Hervé: Je trouve qu'Alain Chauvet porte par sa voix tout le morceau.
David: Il a une voix grave qui donne un sens au message que nous voulons apporter. Il y a des groupes qui veulent faire passer des messages mais qui n'ont pas une grande conviction en leurs paroles. Nous avons écrit ce texte pour dire qu'il ne faut pas exclure les gens par leurs différences physique ou culturelles. On l'applique dans Smooth car nous savons que tous les membres du groupe possèdent cet état d'esprit.

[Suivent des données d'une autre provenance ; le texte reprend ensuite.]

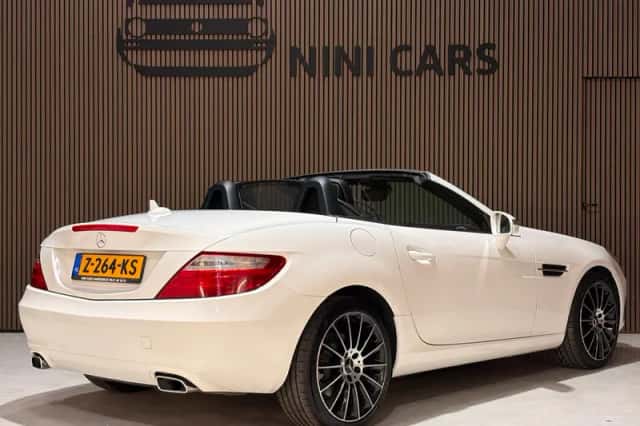 Mercedes-Benz SLK-Klasse (2012) thumbnail 6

Hervé: Sur les deux premiers albums nous avons pu apprécier le travail de Jérome Heno en ce qui concerne l'artwork. Pour The Parade on laisse de coté le visage qui faisait figure d'emblême de Smooth. Là, on remarque une photo qui nous emmène sur une voix ferrée perdue en pleine nature. Pourquoi avaoir fait ce choix d'artwork? Y avait il un sens imagé?
David: La photo veut dire « Où est ce que l'on va? D'où est ce que l'on vient? ». On ne sait pas dans quel sens nous circulons sur cette voie ferrée. Va t'on dans ces fourrées? Où est ce que l'on en sort? On aimait bien avec le groupe sur ce sentiment de nos origines.

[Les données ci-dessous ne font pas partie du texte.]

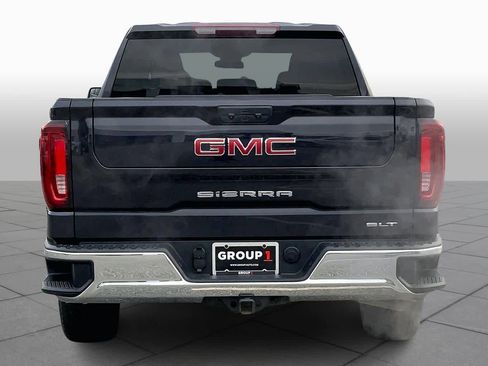 Used 2025 GMC Sierra 1500 SLT image 4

Hervé: Sur The Parade on constate l'intégration d'instruments à cordes sur "Freedom Is A Road" et plus particulièrement sur "My Body". Cet ajout était un désir du moment ou était ce mûrement réfléchit?

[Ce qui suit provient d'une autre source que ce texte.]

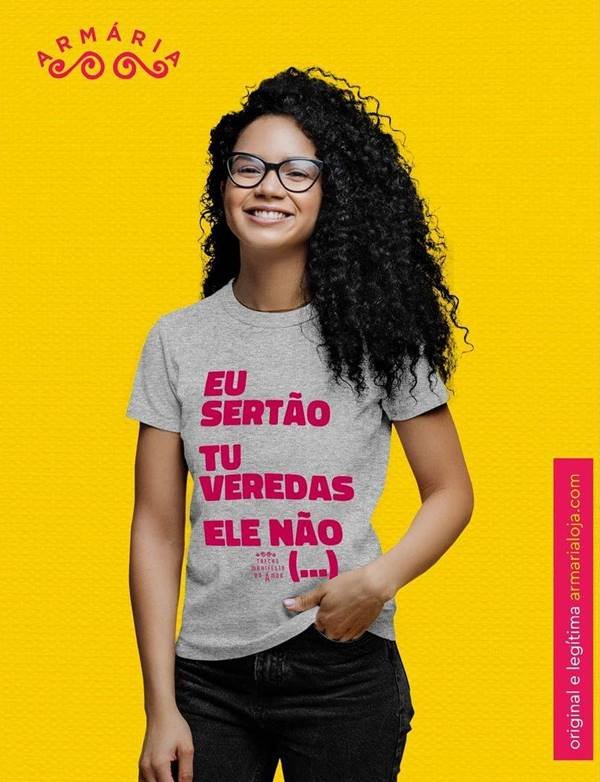 Camiseta da loja Armária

David: On a bien aimé le côté dramatique et romantique des cordes. On a toujours cette volonté de faire un jour des musiques de films et pour nous lorsque l'on nous parle de musique de films, nous pensons aux cordes. Il y a aucun de nous qui joue de violons, violoncelles…
Hervé: L'effet que donne les instruments à cordes à ces deux titres est remarquable. Aux prémices de la sortie de l'album, le teaser de Freedom Is A Road m'avait totalement conquis.
David: C'est clair que les cordes apportent un plus à Smooth pour ces titres.
Hervé: Il y a eu ou il y aura un live avec l'intégration de ces cordes?
David: Il en est question mais c'est des budgets importants. Quand tu vois comment se porte la musique de nos jours, si l'on te dit qu'il faut 40 000 euros pour que l'on monte un tel projet, la réflexion est assez rapide. C'est vraiment dommage mais peut être que l'on pourra voir un jour ce projet sur scène !
Hervé: Avec le temps et les albums qui s'ajoutent à votre discographie, on sent que vous ne voulez pas rester cloisonné dans l'univers musical que vous vous êtes créé avec An Electro Soul Experience. Ces trois albums se suivent parce que l'on ressent toujours la touche Smooth mais ils se démarquent les uns par rapports aux autres.
David: On essaie de faire des choses différentes à chaque nouvel album. Sinon on pourrait s'appeler AC/DC et faire les mêmes morceaux pendant toute une carrière. Et pour eux ça marche plutôt pas mal (Rires!).
Hervé: Vous auriez pu faire du copier/coller avec les morceaux d'An electro soul experience mais c'est un peu trop facile à mon gout.
David: Voilà ! Et on aurait catalogué Smooth comme un groupe au son 70's, samples de voix et une batterie dans une MPC? Il faut que des albums sonnent différemment les uns des autres. Dans un album photo, tu n'as pas que des photos d'anniversaires. Tu as des phoros de vacances, de fêtes avec des potes… Un album de musique doit sonner comme un album photo, il faut que se soit varié.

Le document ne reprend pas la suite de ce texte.